Fig. 3.Design of decoy peptides. The "L-shaped" structure of monomeric PLB is composed of a cytoplasmic helix, a connecting short loop, and a transmembrane helix. Blue box, ψPLB-SE was derived from the nine amino acids that compose the connecting loop. In the decoy peptide, the serine residue was replaced with a glutamine to mimic the peptide in its phosphorylated state (shown in green). The peptide was conjugated via a disulfide bond at the amino-termini to the cell penetrating peptide TAT (YG-RKKRRQRRR) to facilitate uptake of the peptide into cells.

 

PROTEIN PHOSPHATASE 1/INHIBITOR-1

PP1 was first identified as the phosphatase responsible for dephosphorylating PLN in the myocardium (31,32). PP1 activity is 2-fold higher in failing human hearts than in non-failing hearts (33). Further insights into the role of PP1 during heart failure were made through animal studies using Tg mice.
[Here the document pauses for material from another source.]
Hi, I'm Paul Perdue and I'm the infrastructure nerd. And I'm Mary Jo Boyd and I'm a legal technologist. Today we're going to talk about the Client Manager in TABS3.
Cardiac-specific overexpression of PP1 in Tg mice leads to cardiac dysfunction, dilated cardiomyopathy, and premature mortality, which are associated with decreases in the phosphorylation of PLN (34). As shown above, inhibiting PP1-mediated dephosphorylation of PLN can be an efficient strategy to activate SERCA2a. However, this strategy may have limitations as PP1 is involved in a variety of biological processes in many organs. Thus, careful arrangements for targeted inhibition of PP1 specifically in hearts are needed.
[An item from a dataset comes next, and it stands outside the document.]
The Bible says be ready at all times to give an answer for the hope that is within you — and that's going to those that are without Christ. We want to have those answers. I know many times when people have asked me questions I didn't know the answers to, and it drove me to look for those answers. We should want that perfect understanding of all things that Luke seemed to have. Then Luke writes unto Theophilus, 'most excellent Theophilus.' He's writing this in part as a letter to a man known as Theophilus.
I-1 is an endogenous inhibitor of PP1. Ablation of I-1 results in increased PP1 activity and decreased phosphorylation of PLN. Moreover, basal cardiac functions are severely depressed in I-1 KO mice (34). In contrast, overexpression of I-1 in heart tissue engineered from neonatal rat cardiomyocytes or adult rat cardiomyocytes results in increased cell shortening and a concomitant increase in PLN phosphorylation (35). Both PLN phosphorylation and cardiac contractility are elevated at the cellular and organism levels in Tg mice with cardiac-specific overexpression of constitutively active truncated I-1 (I-1c) (36). Notably, adenovirus-mediated acute expression of I-1c restores cardiac function and partially reverses remodeling of the pre-established heart failure in these mice. The role of I-1 has also been evaluated by inducing the expression of I-1c in adult mouse hearts after an ischemic insult. In that study, overexpression of I-1c resulted in a significant improvement in cardiac function and associated increases in PLN phosphorylation and SERCA2a activity. Furthermore, increased I-1 activity significantly attenuated ischemia-reperfusion injury via suppression of endoplasmic reticulum stress responses (37). Collectively, these results indicate that I-1 is an endogenous inotropic molecule that inhibits PP1; thus, overexpression of I-1 may be a valuable therapy for the treatment of heart failure.

 

PKCα

Isoproterenol (ISO), a β-agonist, increases cardiac contractility via the activation of protein kinase A (PKA). A number of studies have shown that the inotropic effect of ISO is exerted through PKA-mediated phosphorylation of I-1 (38,39). In addition, I-1 becomes a potent inhibitor of PP1 when it is phosphorylated at Thr35 by PKA (40).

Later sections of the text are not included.